▶ _TASK TO COMPLETE_
An exact copy is required of every line from the one with "this 640×480 image." through the end of the data below, and the pictures must stay out of it.

--- START ---

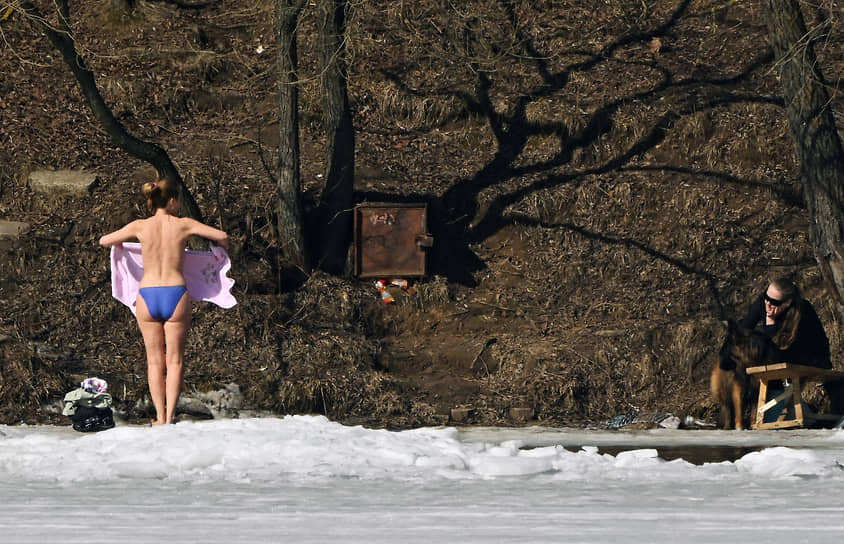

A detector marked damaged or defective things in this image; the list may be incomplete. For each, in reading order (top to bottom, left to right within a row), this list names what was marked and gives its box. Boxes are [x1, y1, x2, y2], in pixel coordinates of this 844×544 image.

rusty metal box [354, 204, 436, 280]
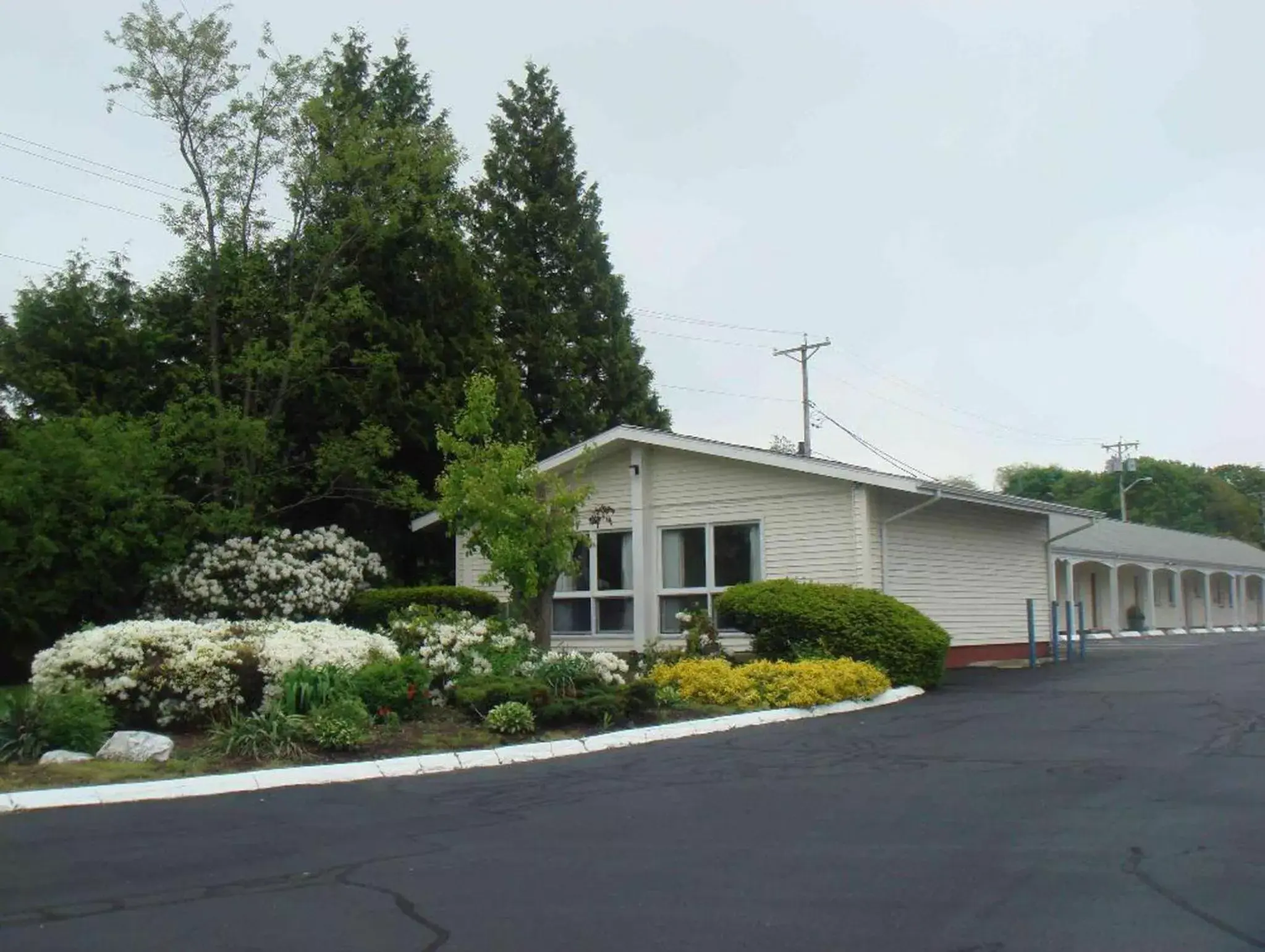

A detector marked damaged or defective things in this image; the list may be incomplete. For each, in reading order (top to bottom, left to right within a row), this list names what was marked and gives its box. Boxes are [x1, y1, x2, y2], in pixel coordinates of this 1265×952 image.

crack in asphalt [0, 845, 450, 945]
crack in asphalt [1123, 845, 1259, 945]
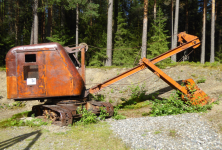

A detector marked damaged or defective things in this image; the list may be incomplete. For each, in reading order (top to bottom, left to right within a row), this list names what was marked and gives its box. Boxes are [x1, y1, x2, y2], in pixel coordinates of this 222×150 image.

rusty excavator [6, 32, 212, 126]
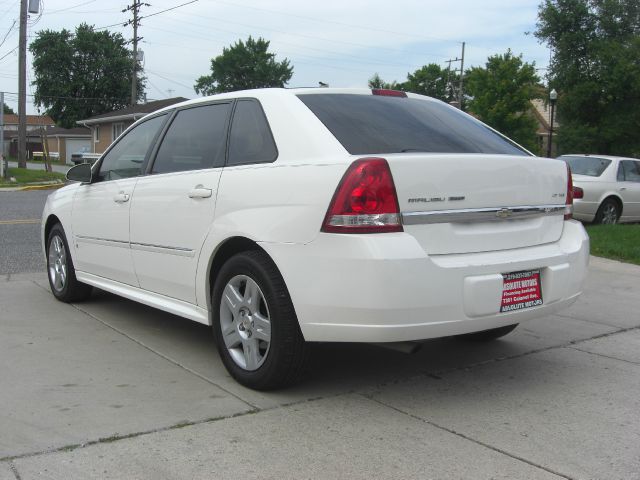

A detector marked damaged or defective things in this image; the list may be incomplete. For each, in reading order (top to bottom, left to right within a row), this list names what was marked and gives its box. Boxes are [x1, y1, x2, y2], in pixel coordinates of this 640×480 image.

pavement crack [69, 304, 258, 408]
pavement crack [568, 346, 636, 366]
pavement crack [362, 394, 576, 480]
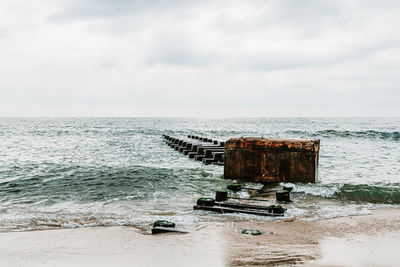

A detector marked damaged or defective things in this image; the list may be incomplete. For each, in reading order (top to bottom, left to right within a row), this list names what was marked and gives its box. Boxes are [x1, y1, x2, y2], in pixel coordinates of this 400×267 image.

rusted metal surface [223, 138, 320, 184]
corroded metal container [223, 138, 320, 184]
rusty metal structure [223, 138, 320, 184]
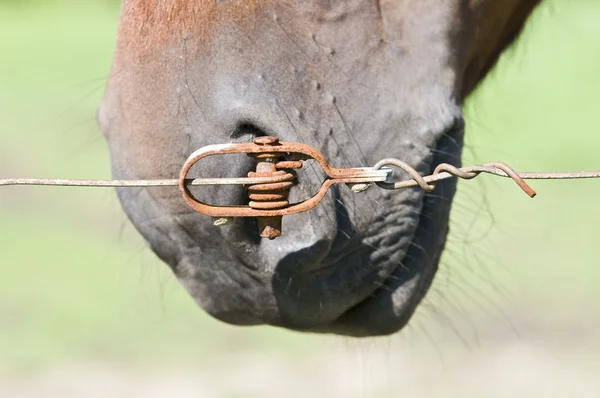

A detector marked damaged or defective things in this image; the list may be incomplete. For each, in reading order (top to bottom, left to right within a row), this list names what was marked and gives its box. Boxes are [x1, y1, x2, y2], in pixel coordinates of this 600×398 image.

--- END ---

▶ _SOLUTION TO THIS PROBLEM_
A detector marked damaged or defective things in this image; the list may be incomplete. For each, in reading order (top to bottom, left to right within a row), this list names what was marked and gives its box. Boxes are [x1, y1, x2, y2], in pixel coordinates of this 640×480 image.

pavement crack [69, 304, 258, 408]
pavement crack [568, 346, 636, 366]
pavement crack [362, 394, 576, 480]

A detector marked damaged or defective things in this image; the list may be incomplete. For each, in reading order (top to bottom, left to right within a row), this list names what was marked and gives its box. Boxes are [x1, y1, x2, y2], in pixel coordinates of this 400×267 image.

rusted metal surface [223, 138, 320, 184]
corroded metal container [223, 138, 320, 184]
rusty metal structure [223, 138, 320, 184]

A detector marked damaged or defective things in this image; the list may be incomplete. For each, in reading order (top to bottom, left to right within a row), this list names what was marked and gives its box. Boxes are [x1, y1, x2, y2], in pixel coordinates of this 600×398 image.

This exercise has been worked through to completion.